[1835] Les Poissons des Galápagos

En évoquant le Voyage de Darwin, nous viennent rapidement à l'esprit les Oiseaux et les Reptiles des Galápagos. Ces raccourcis, largement diffusés par la culture populaire, s'appuient sur l'importance de ces taxons dans la construction de la théorie de la transmutation des espèces dès 1837. Cependant, il ne faudrait pas oublier que Darwin constitua d'autres collections de spécimens au cours de son Voyage. Et lors de son séjour dans l'archipel des Galápagos, notre jeune naturaliste préleva pas moins de quinze spécimens de poissons, dont il confia l'identification à Leonard Jenyns (1842).

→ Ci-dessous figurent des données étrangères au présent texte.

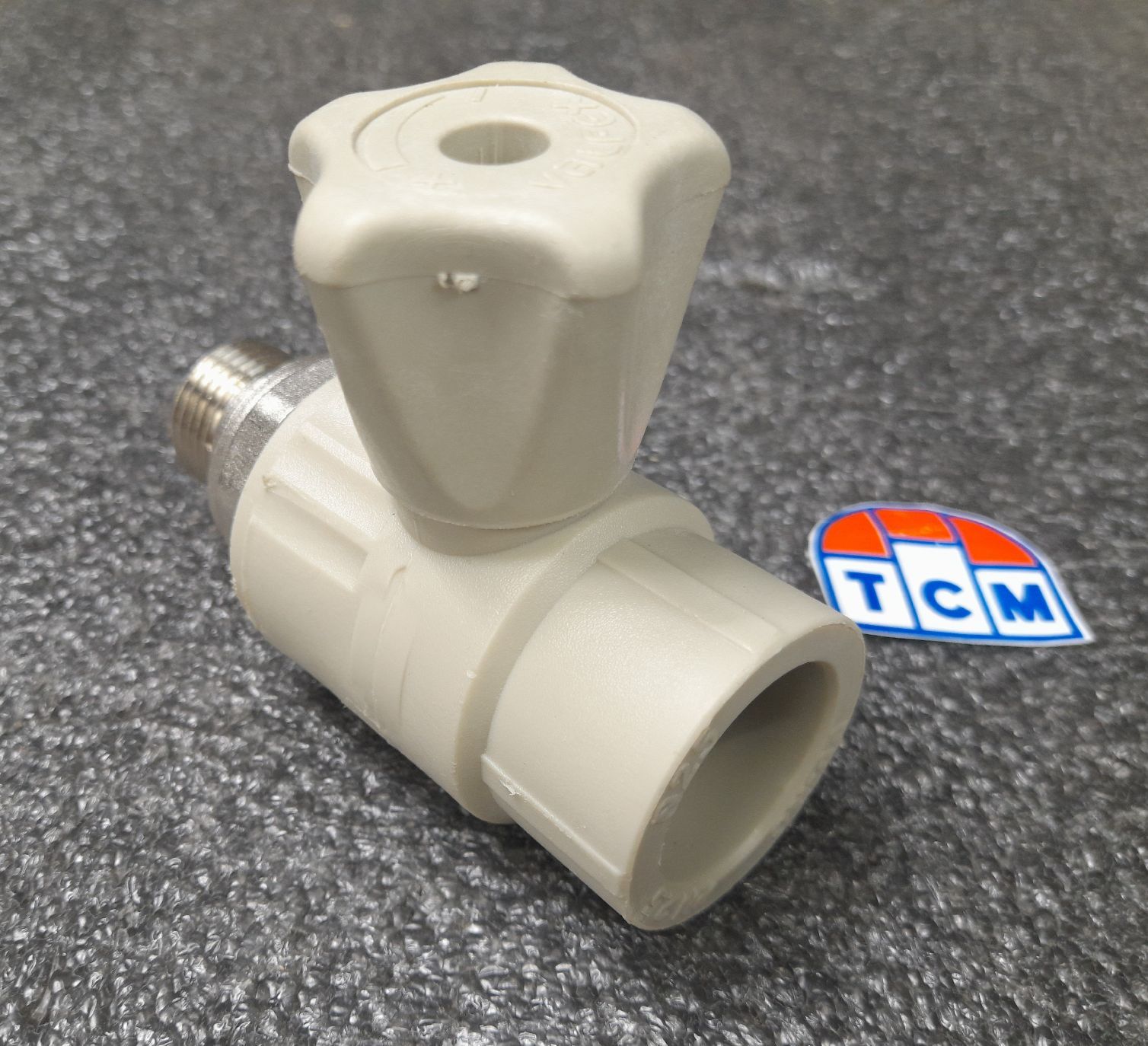 Кран шаровой для радиатора прямой 25х3/4" (50/10) (Valfex) СЕРЫЙ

Retracer l'ensemble des collections de Poissons du Voyage et les classer à la lumière de la phylogénie actuelle serait une gageure ! Le travail, incommensurable, reviendrait à se perdre dans les méandres de près de deux siècles d'histoire de la classification. Le terme lui-même de « poissons » nous occuperait bien un moment, puisqu'il s'agit aujourd'hui d'un groupe paraphylétique dont l'arbre a connu moult remaniements. Nous ne prétendrons pas mener un tel travail dans cet article, ni même explorer en détails les quinze spécimens rapportés par Darwin. Mais plutôt la présentation de quelques-uns, afin de rendre hommage à l'ichtyologie du Voyage, domaine si peu souvent mis en avant par les vulgarisateurs.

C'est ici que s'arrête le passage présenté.